- Prompt
In the entries below, begin at the line that has "Alpinestars Retro Snapback" and stop after the line that has "Top Short Sleeve"; output those lines exactly, leaving out pictures.

- Data records
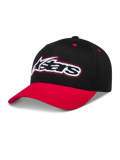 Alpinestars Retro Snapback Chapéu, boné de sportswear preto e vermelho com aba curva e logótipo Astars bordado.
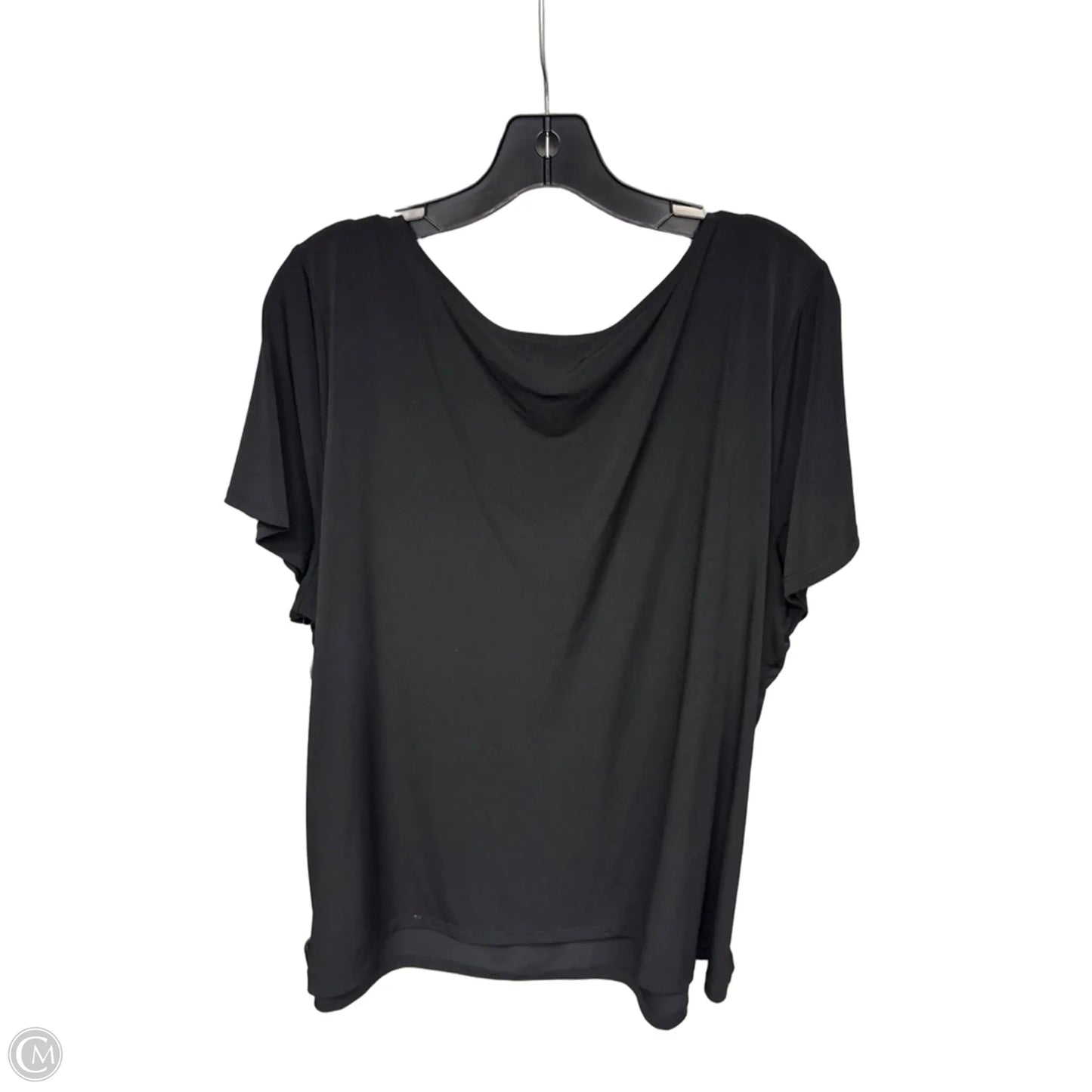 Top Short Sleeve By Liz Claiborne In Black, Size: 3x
* * *
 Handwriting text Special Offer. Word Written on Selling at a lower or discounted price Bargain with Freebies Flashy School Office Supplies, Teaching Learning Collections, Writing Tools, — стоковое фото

- Solution below
 Alpinestars Retro Snapback Chapéu, boné de sportswear preto e vermelho com aba curva e logótipo Astars bordado.
 Top Short Sleeve By Liz Claiborne In Black, Size: 3x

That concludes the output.